Sam’s Club’s created a 3D rendered virtual shopping experience for the holidays that digitally immersed customers in the Griswold home from the 1989 movie, “National Lampoon’s Christmas Vacation.” After clicking on an icon of the main character Clark Griswold, users are brought to an interactive, 3D model of the fictional family’s house, decorated with over-the-top Christmas lights that are all shoppable Sam’s Clubs products. When you walk up to the door, you can ring the bell to enter the house filled with gifts. There are 2 versions of every room that have different décor styles and products. The house includes Sam’s Club’s top toys, food, gifts and décor, along with movie trivia and interactive elements throughout the house, such as character Aunt Bethany’s cat wrapped up in a gift box. Customers can click on buttons next to items in the house, such as the holiday decorations, and are led to an instant “buy now” popup that directly links to Sam Club’s e-commerce site. According to an AdAge article, “In creating an interactive environment that allows shoppers to experience the joys of shopping, Sam’s Club has demonstrated a heightened understanding of the desires of consumers.” 
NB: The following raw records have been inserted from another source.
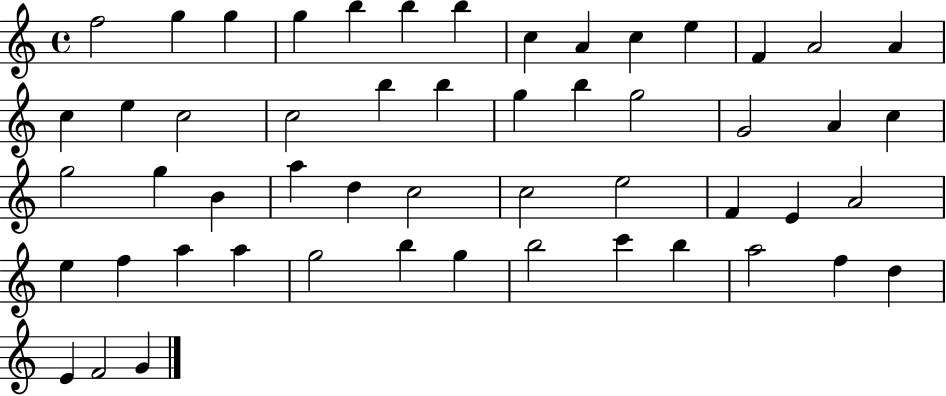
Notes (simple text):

F5/h G5/q G5/q G5/q B5/q B5/q B5/q C5/q A4/q C5/q E5/q F4/q A4/h A4/q C5/q E5/q C5/h C5/h B5/q B5/q G5/q B5/q G5/h G4/h A4/q C5/q G5/h G5/q B4/q A5/q D5/q C5/h C5/h E5/h F4/q E4/q A4/h E5/q F5/q A5/q A5/q G5/h B5/q G5/q B5/h C6/q B5/q A5/h F5/q D5/q E4/q F4/h G4/q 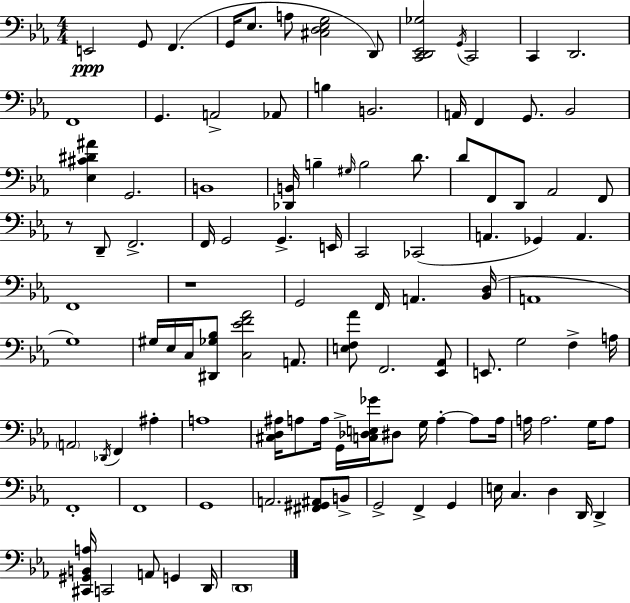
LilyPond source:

{
  \clef bass
  \numericTimeSignature
  \time 4/4
  \key ees \major
  \repeat volta 2 { e,2\ppp g,8 f,4.( | g,16 ees8. a8 <cis d ees g>2 d,8) | <c, d, ees, ges>2 \acciaccatura { g,16 } c,2 | c,4 d,2. | \break f,1 | g,4. a,2-> aes,8 | b4 b,2. | a,16 f,4 g,8. bes,2 | \break <ees cis' dis' ais'>4 g,2. | b,1 | <des, b,>16 b4-- \grace { gis16 } b2 d'8. | d'8 f,8 d,8 aes,2 | \break f,8 r8 d,8-- f,2.-> | f,16 g,2 g,4.-> | e,16 c,2 ces,2( | a,4. ges,4) a,4. | \break f,1 | r1 | g,2 f,16 a,4. | <bes, d>16( a,1 | \break g1) | gis16 ees16 c16 <dis, ges bes>8 <c ees' f' aes'>2 a,8. | <e f aes'>8 f,2. | <ees, aes,>8 e,8. g2 f4-> | \break a16 \parenthesize a,2 \acciaccatura { des,16 } f,4 ais4-. | a1 | <cis d ais>16 a8 a16 g,16-> <c des e ges'>16 dis8 g16 a4-.~~ | a8 a16 a16 a2. | \break g16 a8 f,1-. | f,1 | g,1 | a,2. <fis, gis, ais,>8 | \break b,8-> g,2-> f,4-> g,4 | e16 c4. d4 d,16 d,4-> | <cis, gis, b, a>16 c,2 a,8 g,4 | d,16 \parenthesize d,1 | \break } \bar "|."
}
Dermalogica: Virtual Experience

Dermalogica’s 3D flagship digital store offers a unique, branded experience that is highly engaging for prospective consumers. Customers are led through a series of fantastical rooms set in the sky, each of which feature a different Dermalogica product line, and are designed to highlight its qualities. The virtual experience features an avatar of Dr. Angela Murphy, Dermalogica VP of Technology and Innovation, talking about the brand’s Smart Response Serum. “We coined this virtual experience the ‘Future of Skin Care’. We’re hoping people go through the experience and get a better understanding of what Dermalogica is all about including our commitment to education and our trusted skin therapists,” says Kenna Wynne-Jones, Associate Director of Brand Marketing at Dermalogica. 
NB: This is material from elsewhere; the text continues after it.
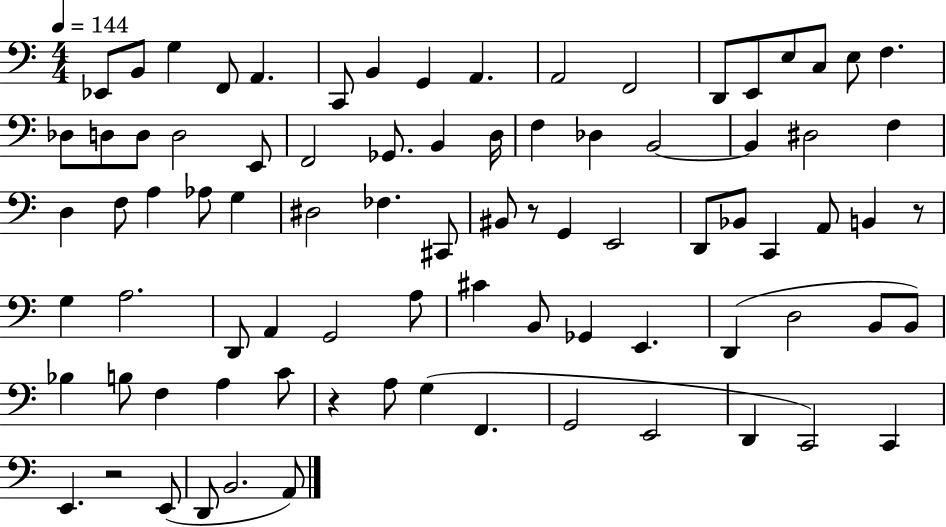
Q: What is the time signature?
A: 4/4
Users can interact with the brand’s free skin analysis Face Mapping tool, educational videos on Dermalogica products and services, and the Dermalogica aesthetician location finder. The virtual experience allows users to interact with educational tools that ultimately helps them make a more informed buying decision. “It’s now easier than ever for people to access education from the comfort of their home. It’s accessible to anyone, anywhere,” said Kenna Wynne-Jones. “But because there are so many places where consumers are receiving education, Dermalogica is trying to establish ourselves on these platforms to try and transform our education in new, fun and immersive ways.” Virtual stores offer a highly engaging and interactive environment where users can learn in an entirely new and entertaining way. 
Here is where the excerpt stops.